EURECOM awards 4 Master of Science Degrees, co-delivered by Institut Mines-Télécom and accredited by the French State:
- Master of Science in Data Science and Engineering;
- Master of Science in Digital Security;
- Master of Science in Mobile Computing Systems;
- Master of Science in Internet of Things.

In 2012, EURECOM was accredited by the CTI (French Accreditation Agency for Engineering Education) to deliver two post master's degrees (Diplôme d'ingénieur spécialisé), open to applicants with a completed master's degree, in:
- Communications for Intelligent Transport Systems - Connected Vehicles;
- Security for Computer Systems and Communications.
Both degrees were awarded the EURACE label, delivered by ENAEE (European Network for Accreditation of Engineering Education).

In 2020, EURECOM signed a double degree partnership agreement with EDHEC Business School (Ecole des Hautes Etudes Commerciales du Nord) on both Management (business) and Internet of Things (Engineering).

EURECOM is also a co-organising partner for BMW Group Summer School organised annually.

== Research==
The research activity of EURECOM is organized around three principal themes:
- Communication Systems;
- Data Science;
- Digital Security.

EURECOM has currently 26 faculty members and around 70 PhD students. Its contractual research is recognized across Europe and contributes largely to its budget.

EURECOM's research was rewarded with three ERC grants in three years attributed to Prof. Davide Balzarotti, Prof. Petros Elia and Prof.

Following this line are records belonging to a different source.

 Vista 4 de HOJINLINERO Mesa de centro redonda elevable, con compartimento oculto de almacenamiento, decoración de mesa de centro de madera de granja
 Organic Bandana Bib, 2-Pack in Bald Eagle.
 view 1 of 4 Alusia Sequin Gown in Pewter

David Gesbert.

Two Télécom Paris research labs are associated with EURECOM: System on Chip and ICT Usage.

==Rankings==

2020
- 3rd among top 25 performers in "Co-publication with industrial partners" by U-Multirank.
- 3rd among top 25 performers in "Student Mobility" by U-Multirank.
- 2nd University for Computer Science and Electronics in France by Guide2Research.

2019
- 551/600 worldwide in Computer Science & Information Systems by QS World University Rankings.

2018
- 11th Higher Education Institution in France by Scimago Institutions Rankings.
- Five QS Stars in Teaching, Employability and Facilities.

==Memberships/Labels==
EURECOM received the label of "Carnot Institute" since 2006. Moreover, it has a two-year double degree programme under Erasmus Mundus Master Label, and it is part of the two EIT Digital Masters in Autonomous System (AUS) and Cybersecurity (CSE).